NTTが提唱する次世代通信基盤「IOWN(Innovative Optical and Wireless Network、アイオン)」構想が、着実に実現へと歩みを進めている。IOWNは、光電融合技術を中核に据え、現在の5Gをはるかに超える超高速・大容量・低遅延の通信を実現する構想だ。2024年には一部のサービスで実用化を目指すとしている。
IOWN構想の核心:光電融合技術
IOWNの最大の特徴は、電子ではなく光を使って情報処理を行う「光電融合技術」にある。現在の通信網では、光ファイバーで伝送された信号を電気信号に変換して処理しているが、この変換プロセスがボトルネックとなり、速度や消費電力の面で限界があった。IOWNでは、この変換を極限まで減らし、デバイスレベルで光を直接処理することで、理論上は現在の100倍以上の速度と、100分の1以下の消費電力を実現するという。
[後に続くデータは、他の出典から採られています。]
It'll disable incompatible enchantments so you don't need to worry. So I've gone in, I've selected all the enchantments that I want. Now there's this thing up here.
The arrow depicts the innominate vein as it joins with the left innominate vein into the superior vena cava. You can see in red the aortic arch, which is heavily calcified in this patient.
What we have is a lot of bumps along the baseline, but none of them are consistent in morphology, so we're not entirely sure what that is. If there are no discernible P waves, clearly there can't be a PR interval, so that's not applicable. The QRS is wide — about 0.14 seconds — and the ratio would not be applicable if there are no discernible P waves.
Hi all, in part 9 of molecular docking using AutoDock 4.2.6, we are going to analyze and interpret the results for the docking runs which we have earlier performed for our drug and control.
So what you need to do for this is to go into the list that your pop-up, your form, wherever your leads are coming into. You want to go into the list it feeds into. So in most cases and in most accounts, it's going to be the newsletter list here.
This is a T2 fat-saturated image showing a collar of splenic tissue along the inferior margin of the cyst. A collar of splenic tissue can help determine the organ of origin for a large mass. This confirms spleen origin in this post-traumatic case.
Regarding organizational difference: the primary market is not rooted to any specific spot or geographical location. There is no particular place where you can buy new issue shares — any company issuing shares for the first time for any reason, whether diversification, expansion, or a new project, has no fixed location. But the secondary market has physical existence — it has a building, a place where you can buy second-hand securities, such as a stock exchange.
NTTの研究開発責任者は、「IOWNは単なる通信インフラの進化ではなく、社会全体のデジタル変革を支える基盤となる」と述べている。具体的には、遠隔医療や自動運転、リアルタイムの3Dホログラム通信など、現在のネットワークでは実現が難しい高度なサービスが可能になると期待されている。
実用化へのロードマップと課題
NTTは、IOWNの実用化に向けて段階的なロードマップを策定している。2024年には、データセンター間の接続など、限定的な用途で光電融合技術を導入したサービスを開始する予定だ。その後、2025年以降に一般の通信網への展開を進め、2030年までに本格的な普及を目指す。
しかし、実用化にはいくつかの課題が残る。最大の壁はコストだ。光電融合デバイスの製造には高度な技術と設備が必要で、現時点では量産化のめどが立っていない。また、既存の光ファイバー網や5G基地局との互換性を確保するための標準化も急務となっている。さらに、IOWNに対応したアプリケーションやサービスの開発も、普及には欠かせない。
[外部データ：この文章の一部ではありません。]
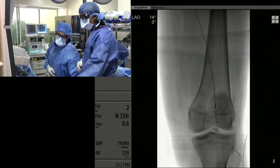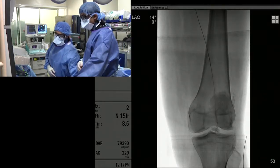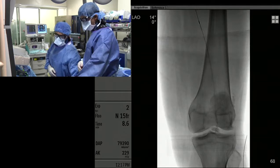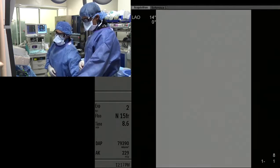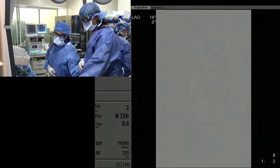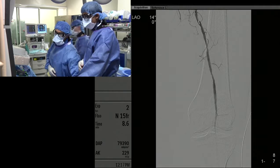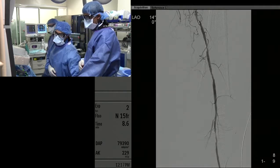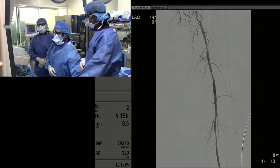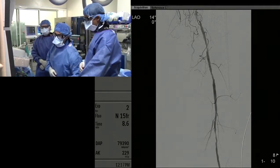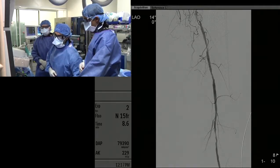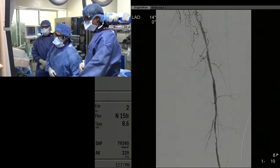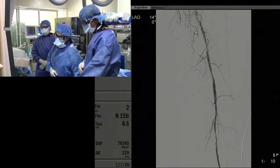This is an orbital atherectomy, and you want a smooth, consistent motion with the blade. We have 15 centimeters of throw, so I think we can treat this whole segment. Depending on how much disease there is and the tightness of the stenosis, you may need to go at a slower pace — it's basically like rubbing out pencil with a pencil eraser.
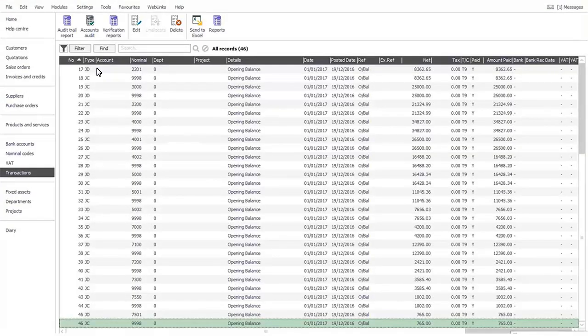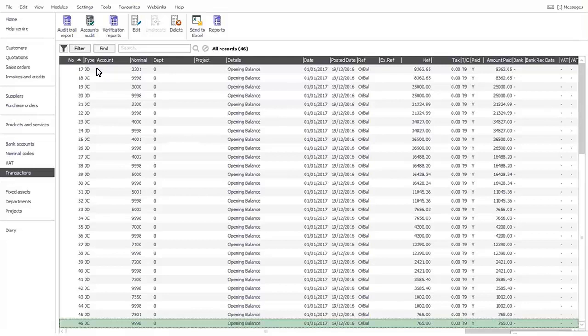This will open a detailed report page wherein you can opt for Audit Trail report. All you need to do is select the Audit Trail button on the top of the screen.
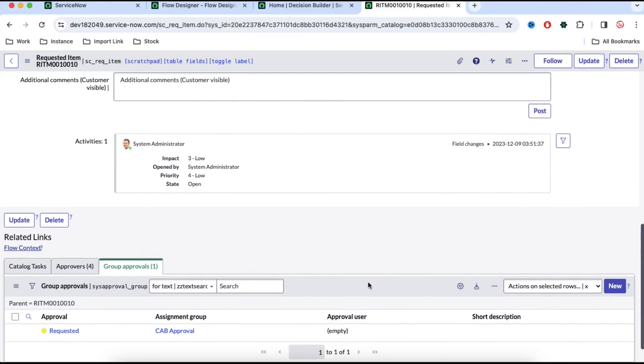So that's how we can make a decision and implement the decision builder in Flow Designer. That's it for today — if you have any questions let me know in the comment section. Thank you very much, have a great day.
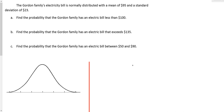Let's explore finding probabilities from normally distributed populations using a z-table. The Gordon family's electricity bill is normally distributed with a mean of 95 and a standard deviation of 23.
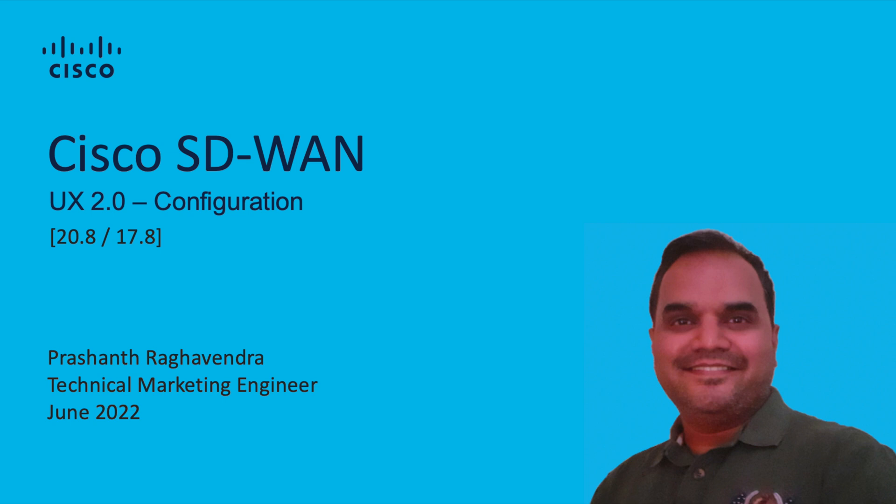Hello, my name is Prashant. I'm a technical marketing engineer in the Cisco SD-WAN product team. In this video, we will explore the 20.8 UX 2.0 configuration feature and associated workflow.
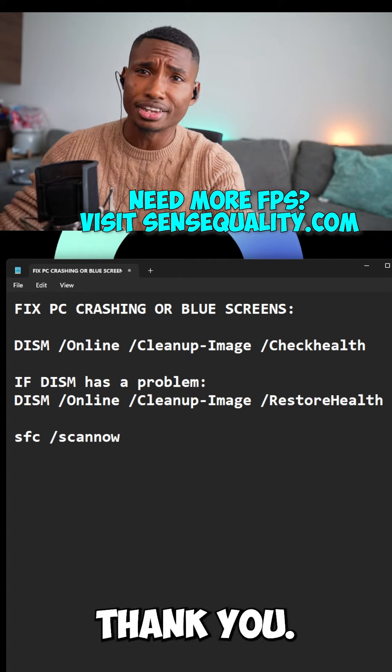I really hope this helps and I hope you have a wonderful rest of your day. If you need more FPS or you want to see your enemies before they see you in gaming, go ahead and visit sensequarter.com and we've got you taken care of. Thank you.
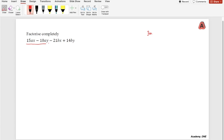Looking at the first two terms, the common factor is a multiple of 5 and a. For the last two terms, there is a common factor of 7 and b. So let's work from here.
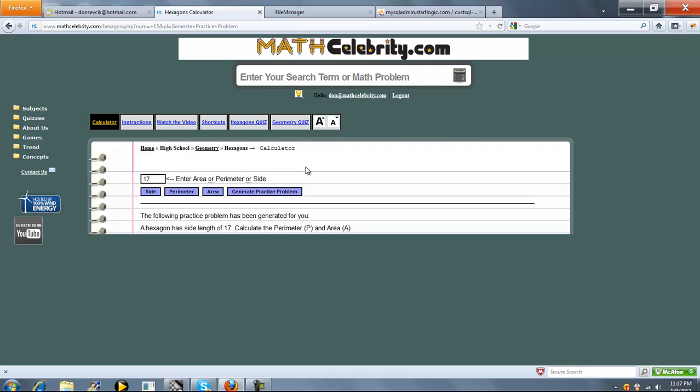If you do have any questions or enhancement suggestions, as always, use the contact us link. Thanks for watching.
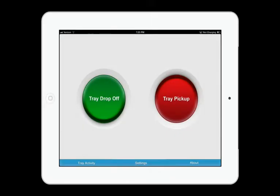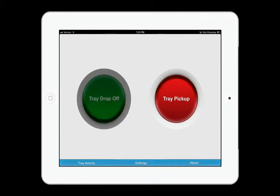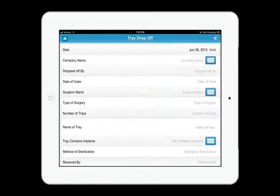The TrayTracks system allows you to upgrade from a paper system to an electronic system for managing your vendor loaner trays. When a vendor comes to your facility to drop off trays, instead of filling out a loaner sheet, they're now going to take the iPad and press the tray drop off button.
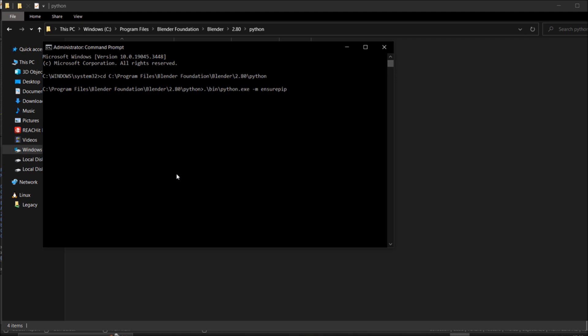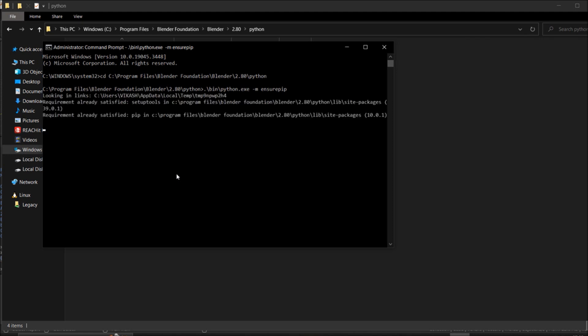We will ensure pip and I think it is already everything is installed. In Blender, each and everything is installed. By require, it is already satisfied.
NTTはこれらの課題に対し、国内外の企業や研究機関との連携を強化している。2023年には、インテルやソニーなどとIOWNの実用化に向けたコンソーシアムを設立し、技術開発と標準化を加速させている。
社会実装への期待と展望
IOWNが実用化されれば、社会のさまざまな分野で革命的な変化が起きると期待されている。例えば、医療分野では、遠隔手術の遅延がほぼ解消され、専門医が離れた場所からでもリアルタイムで手術を行えるようになる。製造業では、工場内の機器を超低遅延で制御することで、生産効率が大幅に向上する。また、エンターテインメント分野では、臨場感あふれる8KVR映像のストリーミングや、触覚まで伝送するテレイグジスタンスが現実のものとなる。
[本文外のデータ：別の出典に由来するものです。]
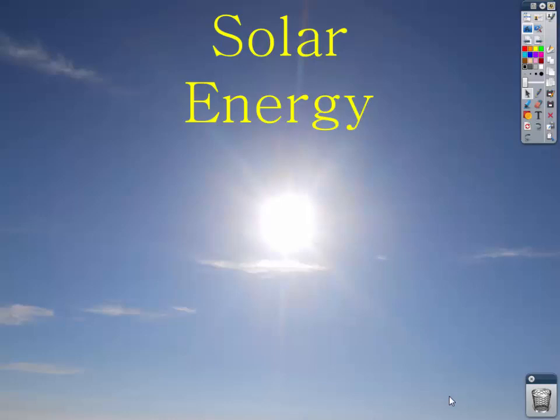In one second, the sun churns out more energy than humans have ever created in the entire history of mankind. So it's time to look at solar energy as an option to provide our electricity and our energy needs here on Earth.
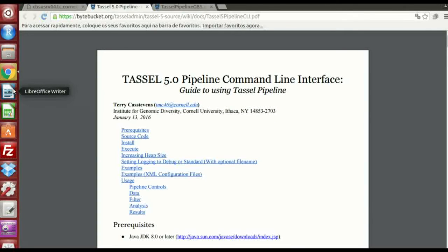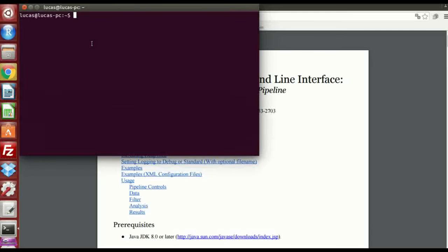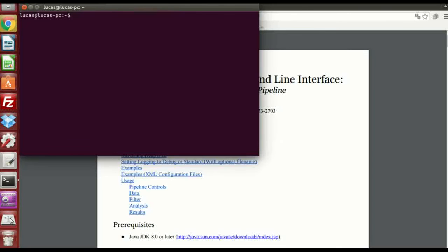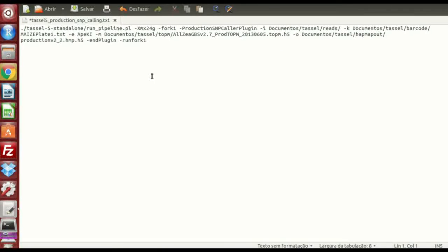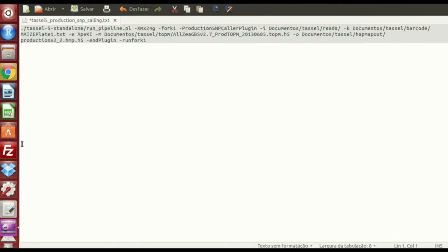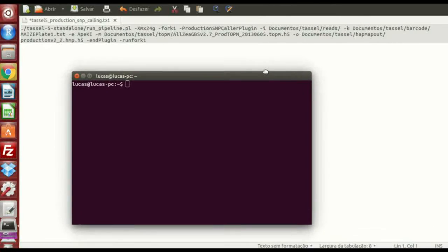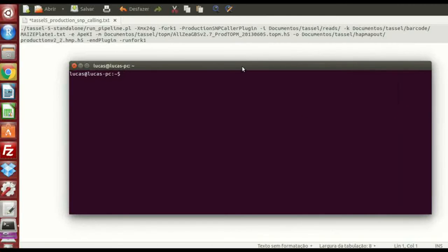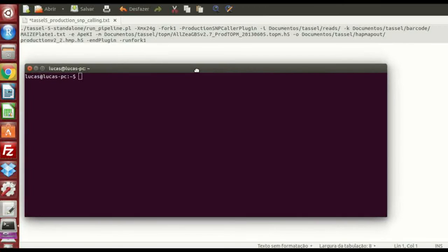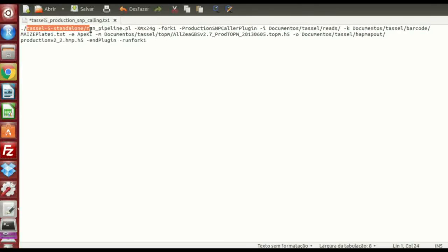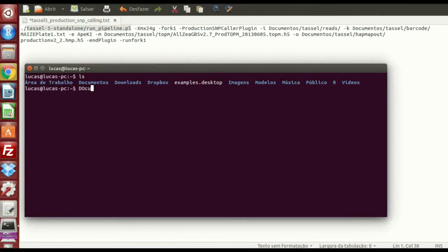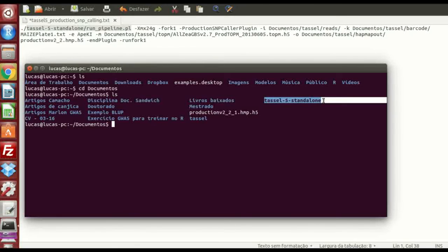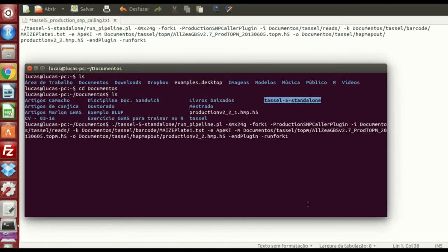Okay. Now we're going to open the terminal again. And you're going to copy and paste. Let me just see if I copy. Okay. You're going to copy this. We have to put all that information from the file here on the terminal. And first of all, you have to know where this file is in your computer. This tassel 5 standalone run pipeline. Okay? In my case, it's in documents. So I'm going to change the directory again. Here I have the... Here it is. Tassel standalone.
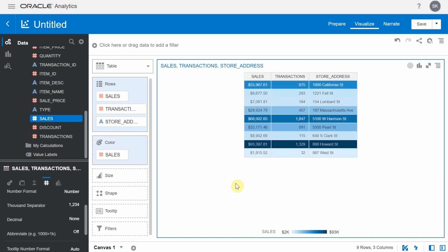We have made a visualization in minutes that can help provide insight into the sales and transactions of various different stores. Click on the save button on the top right corner to save the project.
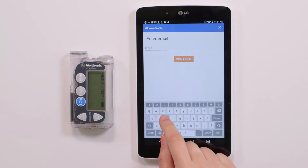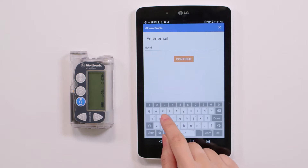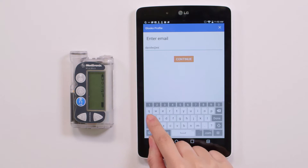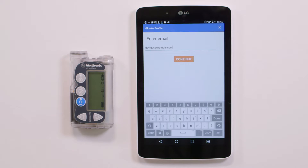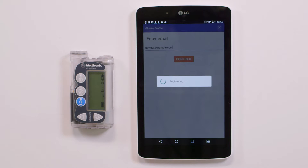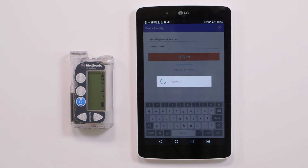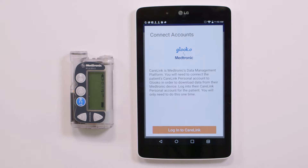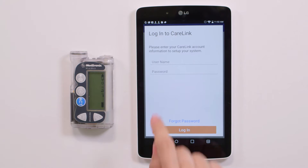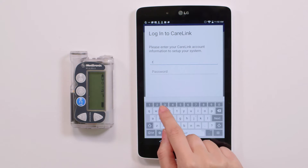The email address field is important because it allows your patient to have access to their synced diabetes data at home via Gluco. If your patient does not have an email address, no worries, just tap Continue. To allow Gluco to receive data from the patient's Medtronic device, Medtronic will require you to log in to their existing CareLink account. Enter the patient's username and password.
一方で、IOWNの普及には、通信事業者だけでなく、デバイスメーカーやコンテンツプロバイダーなど、エコシステム全体の協力が不可欠だ。また、サイバーセキュリティの観点から、新たな脅威に対応するための技術開発も求められる。
NTTは、IOWNを「2030年代の社会インフラ」と位置づけ、総額数兆円規模の投資を計画している。同社のトップは「IOWNは日本のみならず、世界のデジタル社会をリードする技術になる」と自信を見せる。5Gの先を見据えたNTTの挑戦は、通信の常識を覆す可能性を秘めている。